- What the task requires
Exact copies of all the lines below are wanted, without a single picture.

- Data section
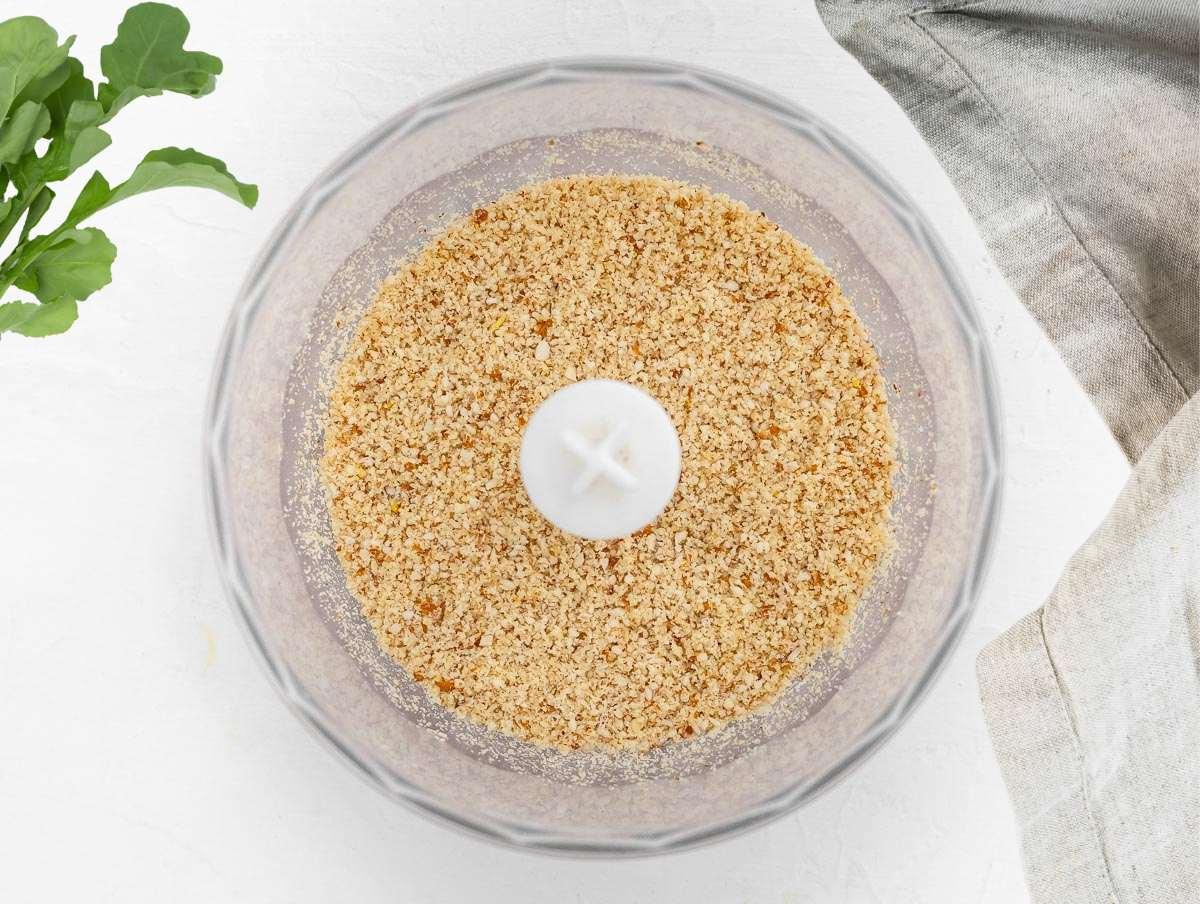 Gemixte Nüsse in einer Küchenmaschine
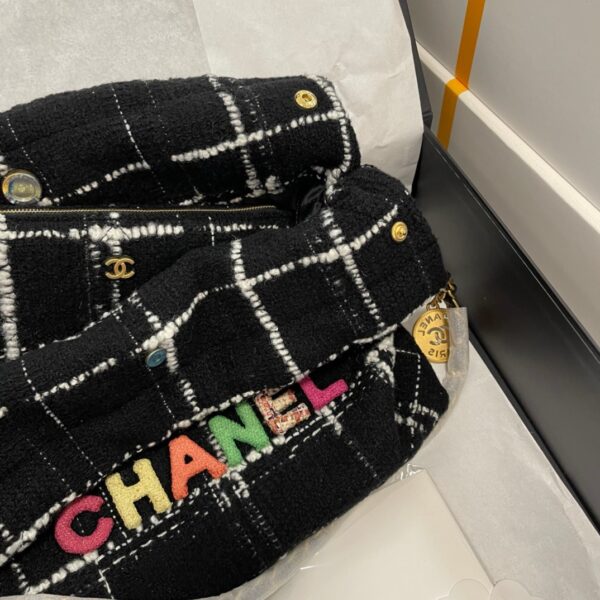 Chanel 22K Tweed Drawstring Bag – Small Size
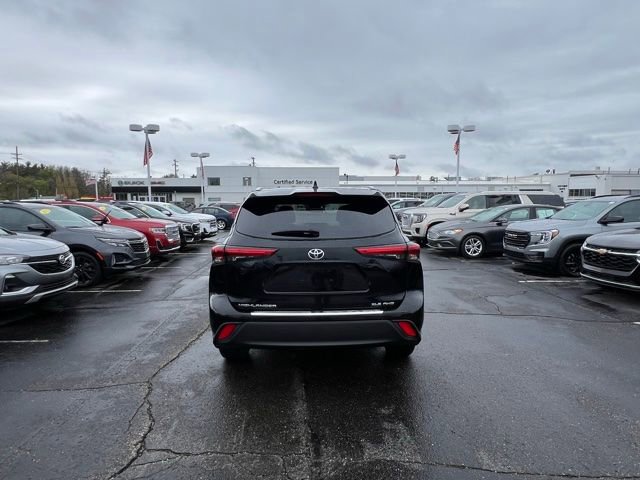 Used 2023 Toyota Highlander XLE AWD/4WD image 4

- Result of the exercise
 Gemixte Nüsse in einer Küchenmaschine
 Chanel 22K Tweed Drawstring Bag – Small Size
 Used 2023 Toyota Highlander XLE AWD/4WD image 4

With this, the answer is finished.